Dükkânın kapısını itiyorsunuz; içeride böcek geziyor, fare geziyor. Hamam böcekleri o kadar rahat ki adeta cirit atıyor; hatta halay çekiyor desek yeridir.
Bacası olmayan yerde et pişiriliyor. Balık yapılıyor, havalandırma yok. Yağ kokusu sokaklara yayılmış; sinek ayrı, leş gibi koku ayrı.
Turist de bu dükkândan yemek yiyor, mahalleli de.
Üstelik sorun sadece Muratpaşa ile sınırlı değil. Kepez’de de aynı, Konyaaltı’nda da tablo farklı değil.
Sonra bir sabah uyanıyoruz:
“Gıda zehirlenmesi… Birkaç kişi hastanelik oldu…”
Bu bir sürpriz değil. Bu, ‘geliyorum’ diye bağıran bir felaket.
Antalya milyonlarca turisti ağırlayan bir şehir. Turizmde sözüm ona dünyayla yarışıyoruz. Rakiplerimiz İspanya, Yunanistan, Hırvatistan…
Oradaki temizliğe, düzene bakıyorsunuz; bizde ise denetim mekanizması adeta komada.
Buradan Antalya Tarım İl Müdürlüğü’ne bir çift lafım var:
Devlet size yetki vermiş, sorumluluk yüklemiş. Maaşınızı oturduğunuz sandalye için değil, yaptığınız iş için alıyorsunuz.
O koltuktan kalkın. Sahaya çıkın.
Muratpaşa’nın merkezine bir inin. Ruhsatlar tamam mı? Hijyen şartları var mı? Bacası olmayan yerde neden duman çıkıyor?
Bir bakın hele…
Geçtiğimiz günlerde Aksu, Kepez gibi birkaç belediye güzel denetimler yaptı, hakkını teslim edelim. Ama yetmez.
O denetimler vitrin süsü olmamalı. Aynı sıkılık, aynı ciddiyet bu riskli işletmeler için de uygulanmalı.
Bir başka sorun daha var: Şehirde kedi ve köpek mamaları gelişigüzel yerlere bırakılıyor. Durak diplerine, yol kenarlarına, AVM çıkışlarına…
Sonuç? Sinek, koku, hastalık. Bu da doğrudan denetimsizliğin ürünü.

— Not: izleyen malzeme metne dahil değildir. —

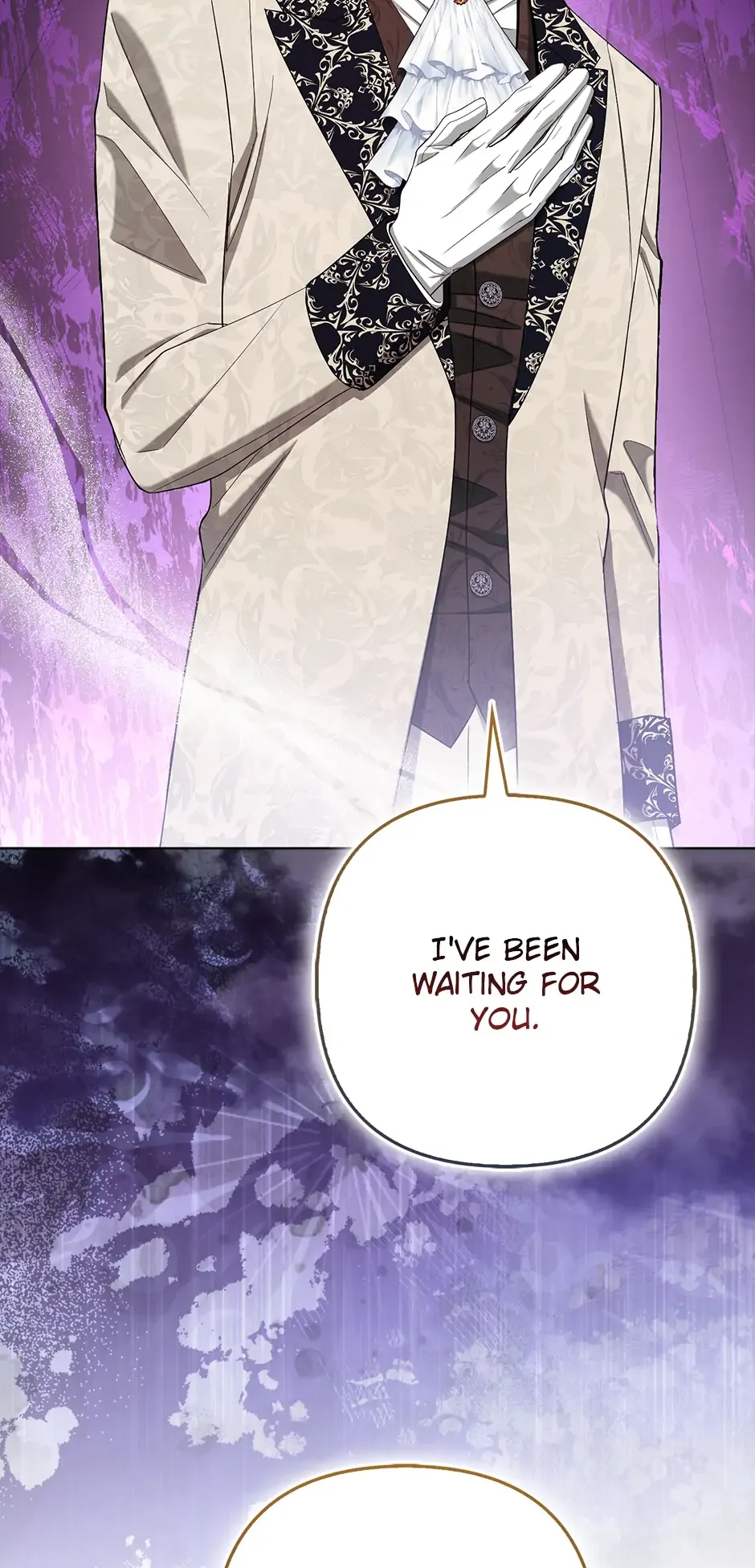 The Duke and The Fox Princess Chapter 68 page 19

Evet, Antalya güzel bir şehir. Ama yönetilmeyen bir güzellik çabuk çirkinleşir.
Ben bu şehrin sokaklarında geziyorum. Her gün aynı manzaraları görüyorum. Ve açıkça söylüyorum: Antalya sahipsiz bırakılıyor.
Velhasıl kelam…
Antalya Tarım İl Müdürlüğü’ne bir kez daha sesleniyorum:
Bugün adım atın. Etkili ve caydırıcı denetimleri yapın ki yarın “Eyvah!” demeyelim.
Çünkü o “eyvah”, bir gün hepimize pahalıya patlar.